■ Instructions to follow ■
Set down each line of the material that follows, exactly, with no pictures.

═══ Exercise data ═══

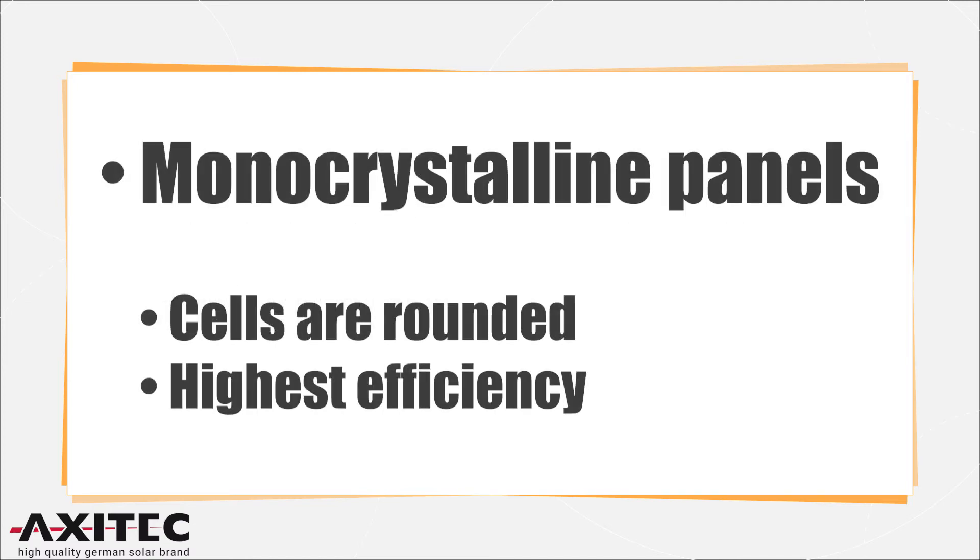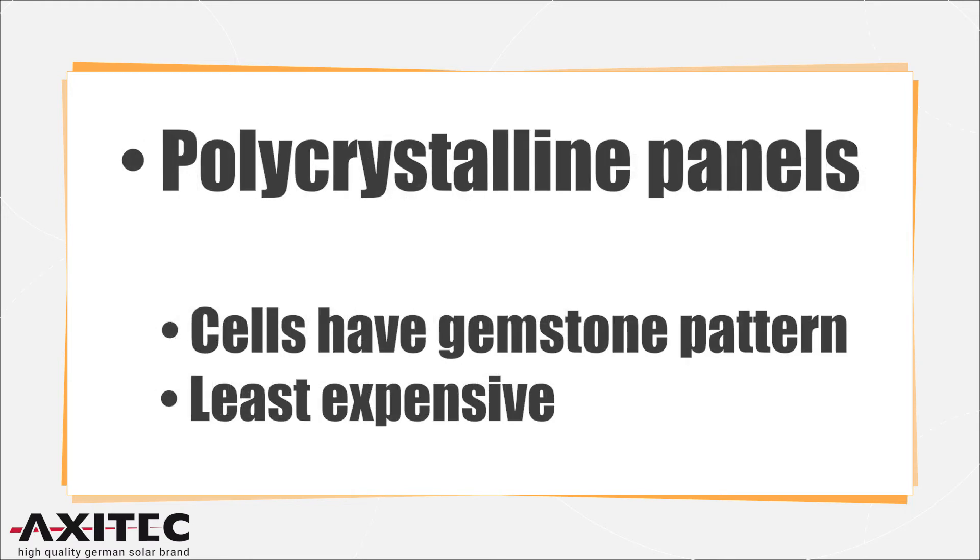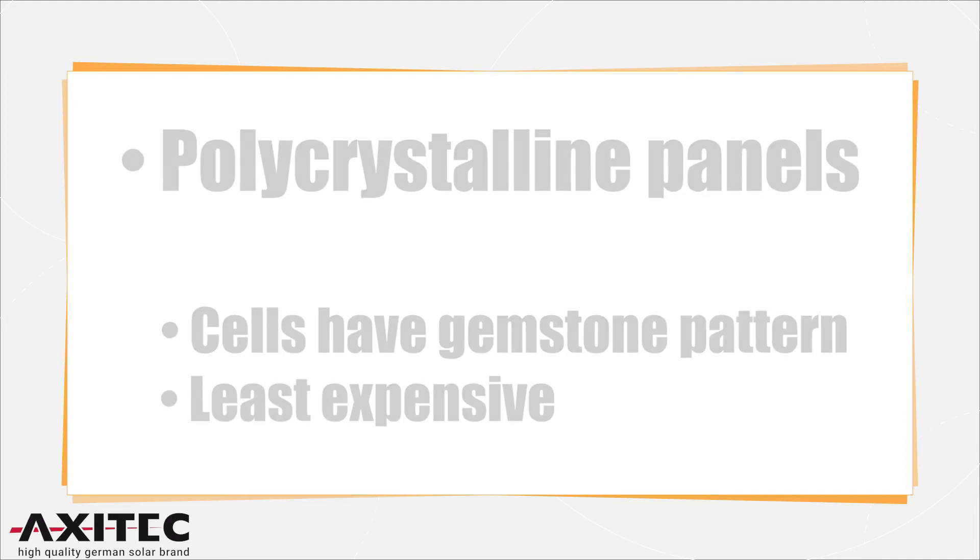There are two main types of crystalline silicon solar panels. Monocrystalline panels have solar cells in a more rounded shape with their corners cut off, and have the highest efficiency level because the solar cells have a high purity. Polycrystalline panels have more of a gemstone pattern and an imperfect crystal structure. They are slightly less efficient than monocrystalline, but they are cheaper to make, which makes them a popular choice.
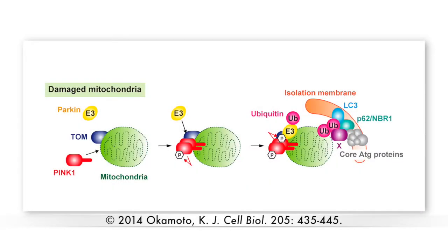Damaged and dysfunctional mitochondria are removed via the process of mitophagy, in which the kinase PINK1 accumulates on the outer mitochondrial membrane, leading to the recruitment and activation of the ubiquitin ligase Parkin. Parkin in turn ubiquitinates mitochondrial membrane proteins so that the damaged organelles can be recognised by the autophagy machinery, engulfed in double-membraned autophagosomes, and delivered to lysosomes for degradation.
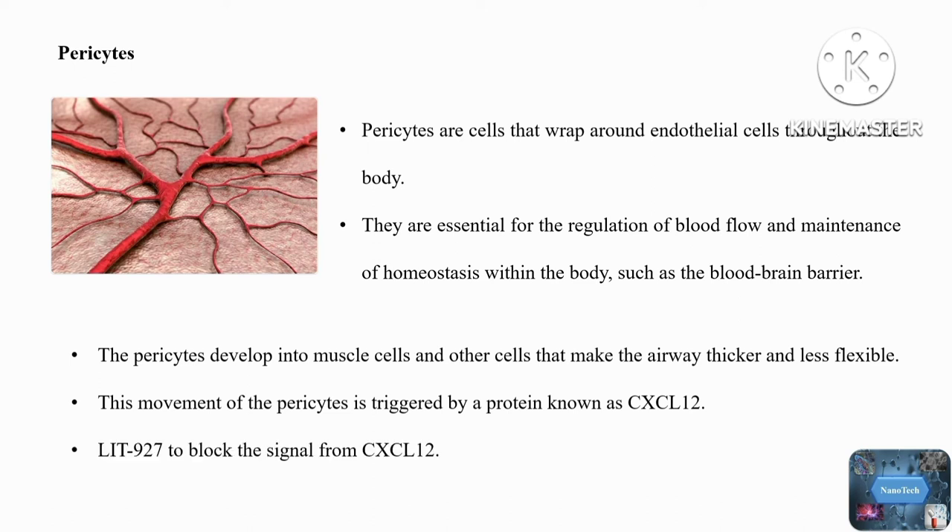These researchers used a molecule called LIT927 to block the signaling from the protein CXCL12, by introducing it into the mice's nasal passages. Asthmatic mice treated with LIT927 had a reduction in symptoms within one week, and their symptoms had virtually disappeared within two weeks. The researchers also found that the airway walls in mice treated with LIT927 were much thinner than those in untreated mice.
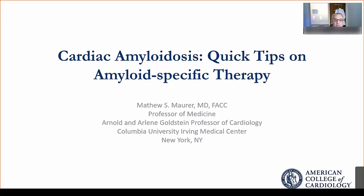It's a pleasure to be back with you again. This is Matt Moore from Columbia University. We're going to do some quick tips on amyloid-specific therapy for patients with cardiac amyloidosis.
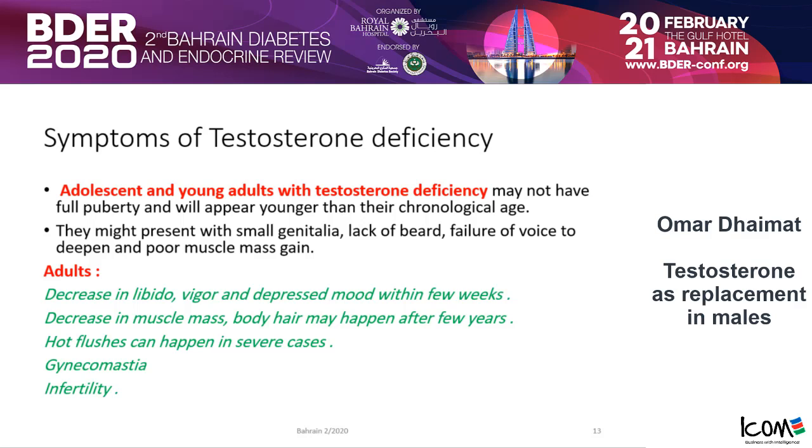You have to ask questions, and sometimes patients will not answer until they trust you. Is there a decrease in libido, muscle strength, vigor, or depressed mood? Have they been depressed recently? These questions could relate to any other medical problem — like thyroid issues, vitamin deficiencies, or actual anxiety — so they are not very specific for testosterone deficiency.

═══

■ Result for this task ■
There are two main types of crystalline silicon solar panels. Monocrystalline panels have solar cells in a more rounded shape with their corners cut off, and have the highest efficiency level because the solar cells have a high purity. Polycrystalline panels have more of a gemstone pattern and an imperfect crystal structure. They are slightly less efficient than monocrystalline, but they are cheaper to make, which makes them a popular choice.
Damaged and dysfunctional mitochondria are removed via the process of mitophagy, in which the kinase PINK1 accumulates on the outer mitochondrial membrane, leading to the recruitment and activation of the ubiquitin ligase Parkin. Parkin in turn ubiquitinates mitochondrial membrane proteins so that the damaged organelles can be recognised by the autophagy machinery, engulfed in double-membraned autophagosomes, and delivered to lysosomes for degradation.
These researchers used a molecule called LIT927 to block the signaling from the protein CXCL12, by introducing it into the mice's nasal passages. Asthmatic mice treated with LIT927 had a reduction in symptoms within one week, and their symptoms had virtually disappeared within two weeks. The researchers also found that the airway walls in mice treated with LIT927 were much thinner than those in untreated mice.
It's a pleasure to be back with you again. This is Matt Moore from Columbia University. We're going to do some quick tips on amyloid-specific therapy for patients with cardiac amyloidosis.
You have to ask questions, and sometimes patients will not answer until they trust you. Is there a decrease in libido, muscle strength, vigor, or depressed mood? Have they been depressed recently? These questions could relate to any other medical problem — like thyroid issues, vitamin deficiencies, or actual anxiety — so they are not very specific for testosterone deficiency.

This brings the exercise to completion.